Repeat, exactly and in full, the lines of the listing below, but without any pictures.
── Data section
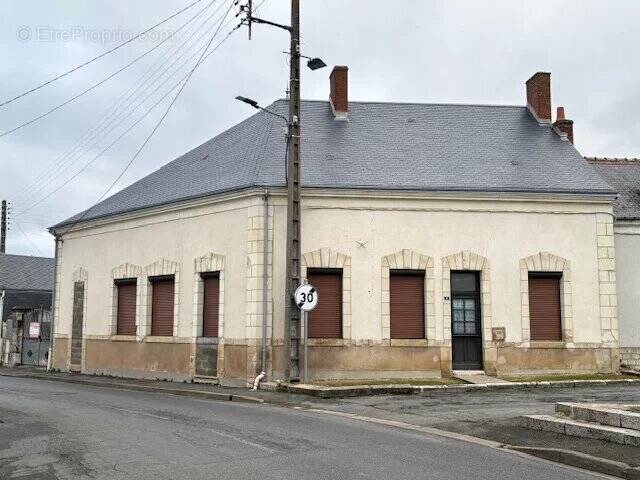 Maison à HOMMES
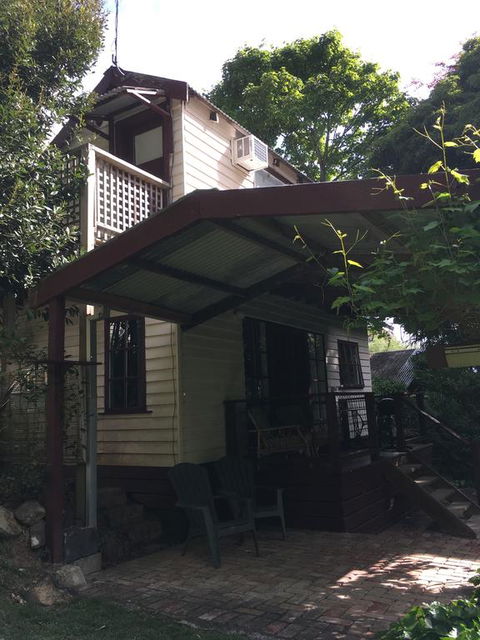 Stone's Throw Cottage Bed And Breakfast - Seniors Australia 2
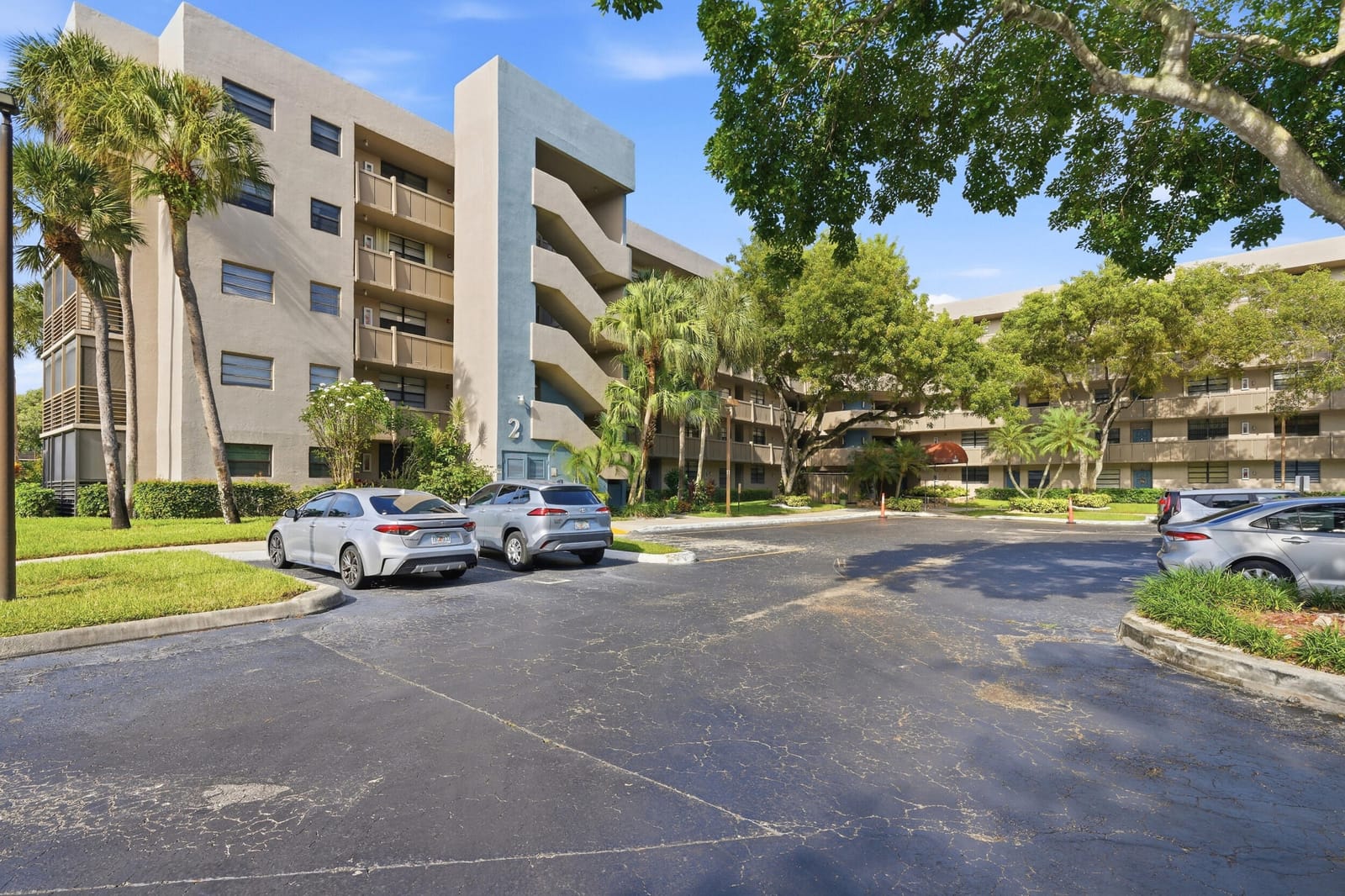 1000 Colony Point Circle 110 — photo 2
────
Written reply:
 Maison à HOMMES
 Stone's Throw Cottage Bed And Breakfast - Seniors Australia 2
 1000 Colony Point Circle 110 — photo 2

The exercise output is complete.